Les autorités du port de Rotterdam, l’un des plus grands ports au monde, ont mis en place une solution insolite pour lutter contre les macro-déchets : le Waste Shark. Développé par la société RanMarineTechnology, ce drone marin peut aspirer jusqu’à 500 kilos de déchets. De la taille d’une petite voiture, il est doté d’une « bouche » en forme d’ouverture située 35 cm sous le niveau de l’eau. En plus de collecter les déchets, Waste Shark recueille des données sur la qualité de l’eau, la météo et la profondeur des eaux portuaires, ensuite transmises aux autorités. Quatre « Waste Shark» ont ainsi été testés pendant 6 mois dans le port de Rotterdam dans le cadre d’un projet pilote.



Un collecteur de macro-déchets flottants

Seabin est une poubelle automatisée qui collecte les déchets flottants et les hydrocarbures présents dans les ports et les marinas. Conçue par deux passionnés de surf, Andrew Turton and Pete Ceglinski, elle fonctionne à l’aide d’une pompe qui aspire les déchets flottants dans un sac conçu à partir de fibres naturelles. Avec son partenaire industriel Poralu Marine, Seabin Project étudie la possibilité de fabriquer ses « poubelles de mer » à partir de plastique recyclé, avec pour objectif à terme de les construire à partir des déchets plastiques qu’elles auront-elles-mêmes collectés.
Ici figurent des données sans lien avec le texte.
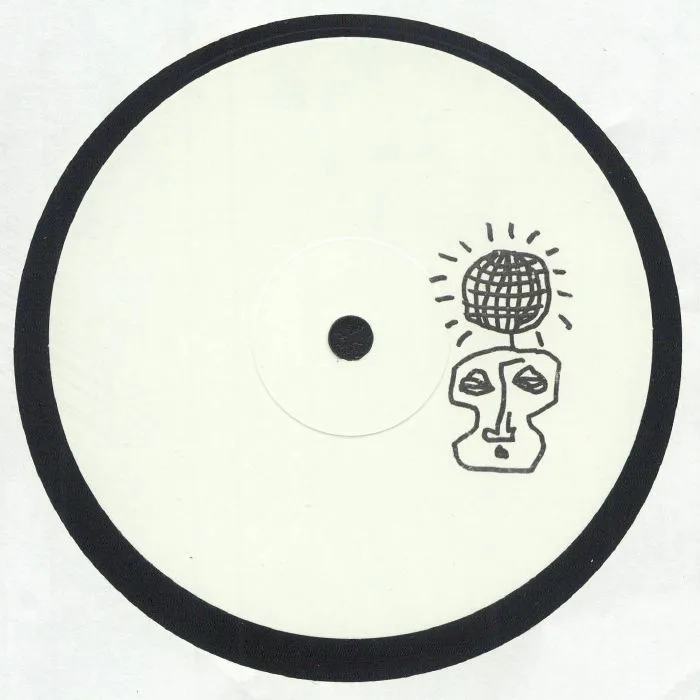Front cover — DMJ — DMJ Edits 001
Le génie écologique au service de la restauration des milieux portuaires

A Marseille, deux projets innovants de génie écologique ont été mis en œuvre pour enrichir la qualité environnementale des zones portuaires.

Le projet Bionurse, développé par la Métropole et SUEZ vise à dynamiser la biodiversité marine au sein du port de plaisance de la Pointe Rouge. Les ports ont pris la place des petits fonds côtiers, et n’offrent pas les abris nécessaires aux jeunes poissons particulièrement vulnérables aux prédateurs. Face à ce constat, le projet Bionurse a consisté à développer dans le port de la Pointe Rouge des nurseries pour ces juvéniles, par le biais d’habitats artificiels imitant les herbiers de posidonies. Les juvéniles peuvent ainsi s’abriter et se développer jusqu’à atteindre leur taille adulte et rejoindre le large pour se reproduire. Cette expérimentation, qui s’étend sur 65 mètres, fait l’objet d’un suivi scientifique par comptage vidéo.

Un second projet a été déployé avec le Grand Port Maritime de Marseille et l’Agence de l’eau Rhône Corse Méditerranée pour réintroduire la cystoseire, une algue brune endémique de la Méditerranée, au sein du port. Ce projet, appelé Re-Cyst, a pour objectif plus global de restaurer la flore marine impactée par les activités humaines. La cystoseire est en effet une espèce fragile, dont le développement permet de recréer un habitat pour la faune et la flore et de reconstituer des ressources en nourriture pour de nombreuses espèces. Il s’agit par ailleurs d’un indicateur du bon état écologique des petits fonds côtiers. Le projet, qui a fait l’objet d’un suivi scientifique sur trois ans, a été étendu à la restauration en milieu naturel au sein du Parc National des Calanques.